2. A fundamental requirement of Regulation D is that there be no general solicitation or advertisement used in connection with the solicitation of an investment.
3. Issuers may not provide offering materials on a website, unless the offering materials are only provided to prospective investors who have a pre-existing substantive relationship with the issuer or an "agent of the issuer (sponsor)."
4. Issuers establishing websites are advised to keep nominal information on the home page of a website, indicating the name of the issuer and requesting the viewer to provide their name and password to access additional information on any interior page.
5. Contact information, past performance, investment strategy, experience of management and all other material specific to the issuer or the sponsor (assuming the sponsor is not registered as an investment adviser) should not be contained on the home page or any page that is accessible by the public.
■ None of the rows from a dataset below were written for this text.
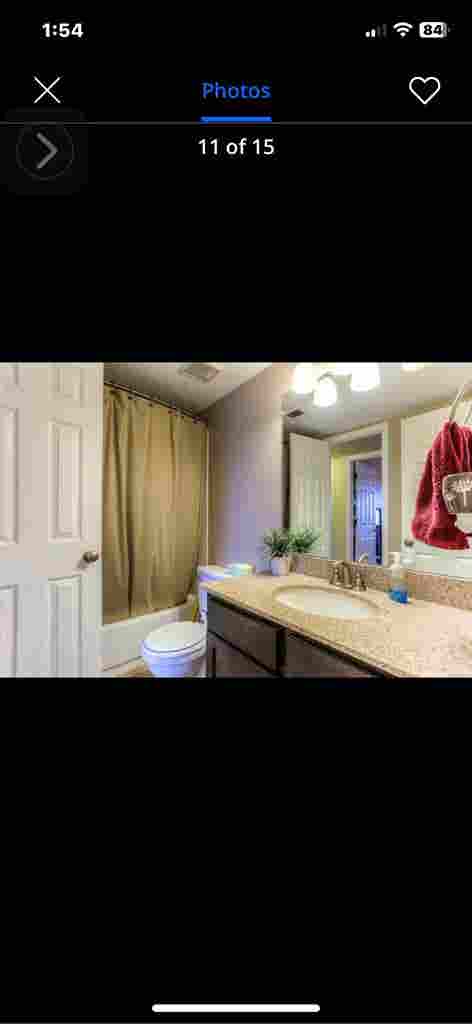 Large private room Centennial!Auror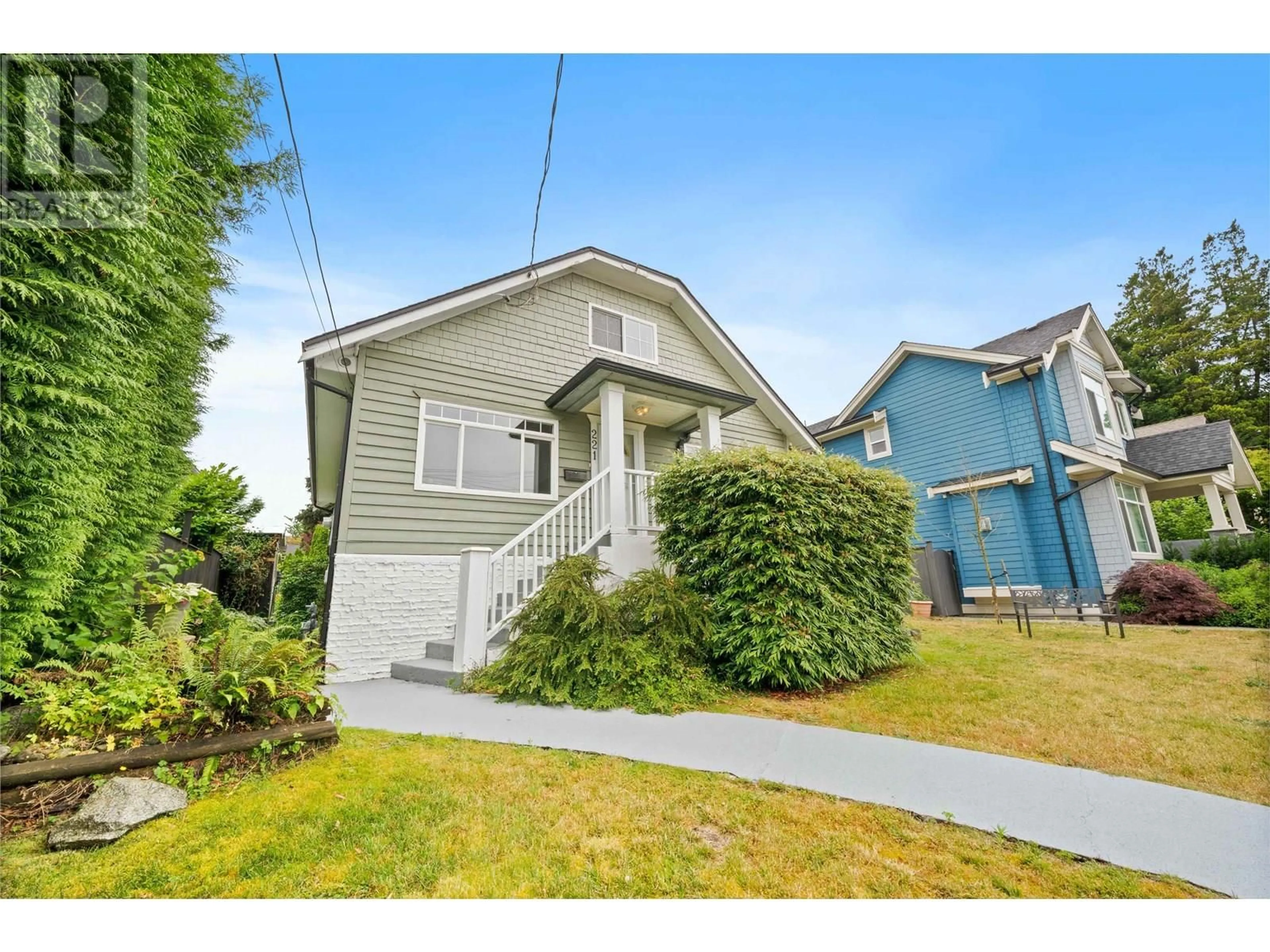 Home with vinyl exterior material, street for 221 RICHMOND STREET, New Westminster British Columbia V3L4B5
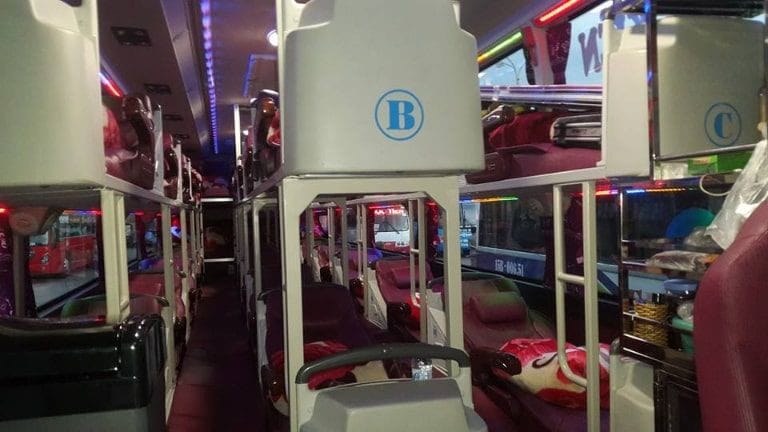 Giường nằm trên xe khách Lương Kiên Hải Phòng Sapa Lào Cai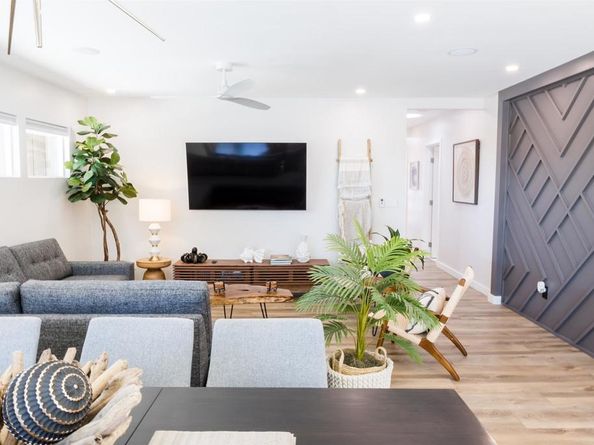 3761 Oleander Dr, San Diego CA 92106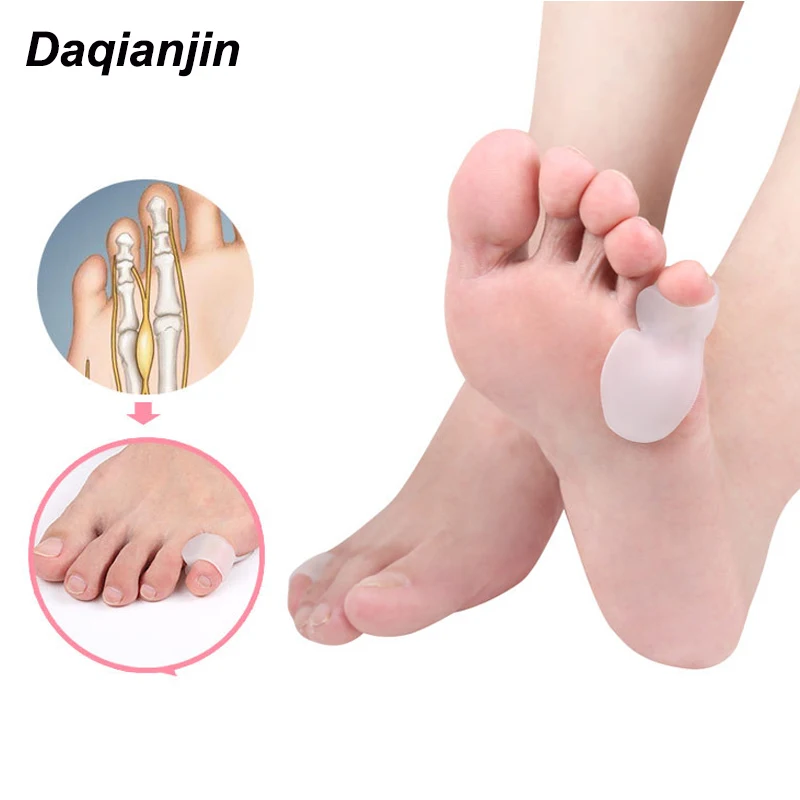 

2pcs Soft Silicone Gel Small Toe Separator Feet Care Tool Hallux Valgus Orthosis Protect Toes Bone Overlap Straightener Foot Pad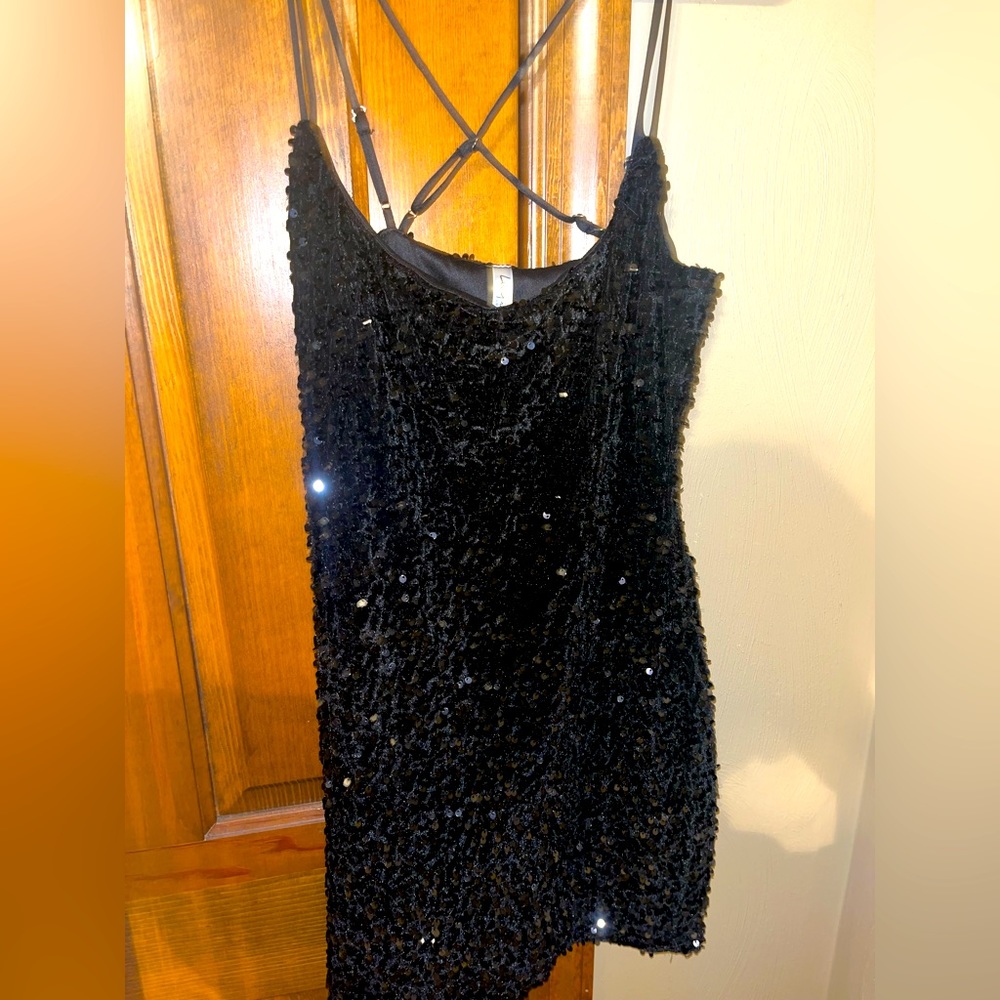 Short black sequence dress Size:Medium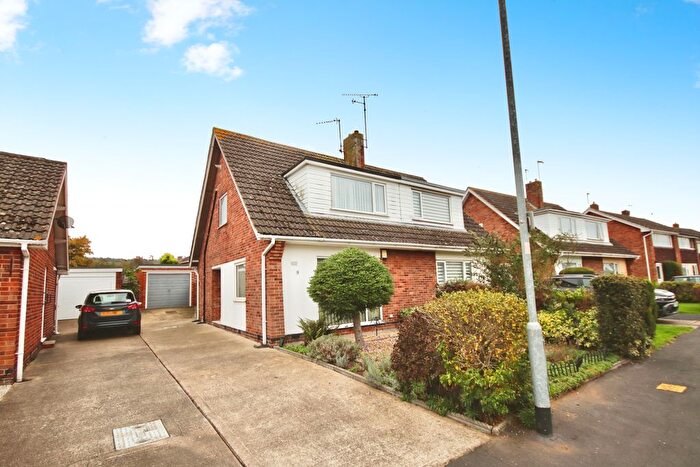 3 Bedroom Semi-Detached House For Sale In Chiltern Road, Lincoln, LN5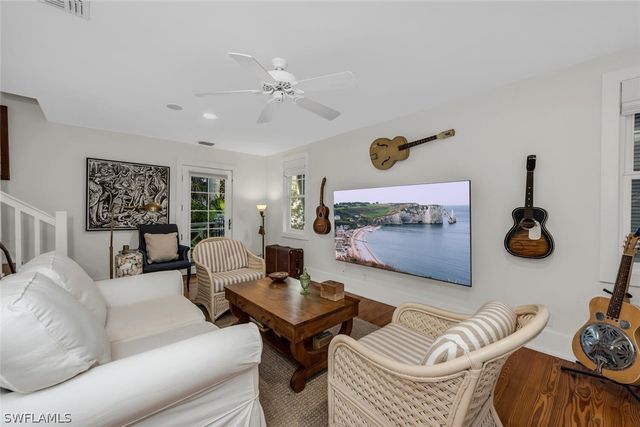 756 8th AVE S, Naples, FL 34102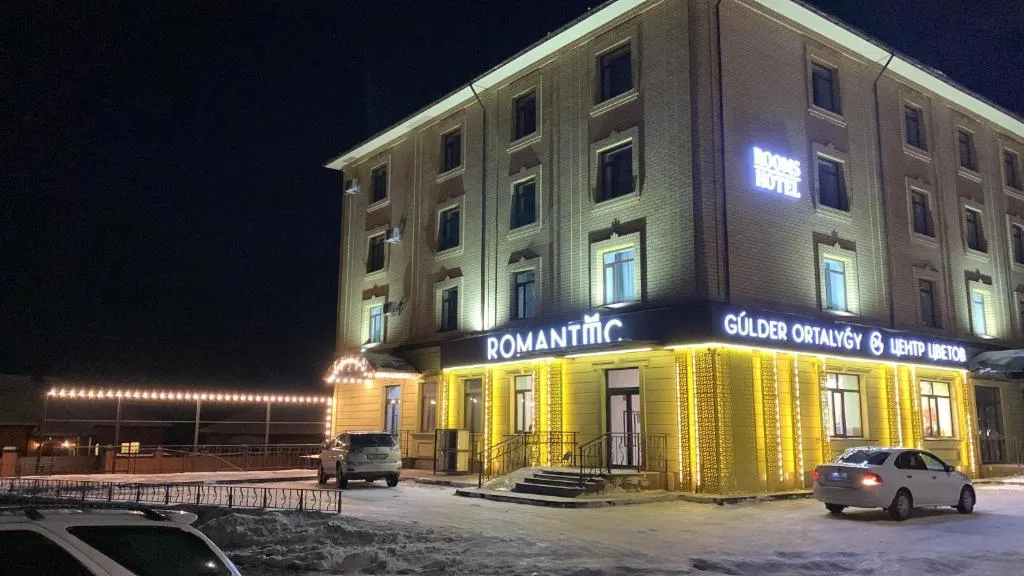 Rooms Hotel Semey，位于塞米伊的酒店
Issuers should not link any of the interior pages of their website to other websites.
6. An issuer may supply information about an offering on a third party's website if, in part, the following procedures are followed:
- The site is password protected;
- The home page of the site makes no reference to a specific issuer;
- The interior pages of the site are only available to prospective investors that complete a questionnaire establishing that they are "accredited investors;" and
- Prospective investors are required to wait 30 days following their qualification to access the site before investing in any of the posted issuers (other than issuers in which such prospective investor already has invested, has already been notified about an offering, or is already considering as an investment opportunity).
7. An issuer which posts information on a third party's website will not be deemed to be "holding itself out" to the public as an investment adviser if the posted information solely relates to a specific confidential offering and does not provide any information regarding other investment services or investment products offered by the issuer.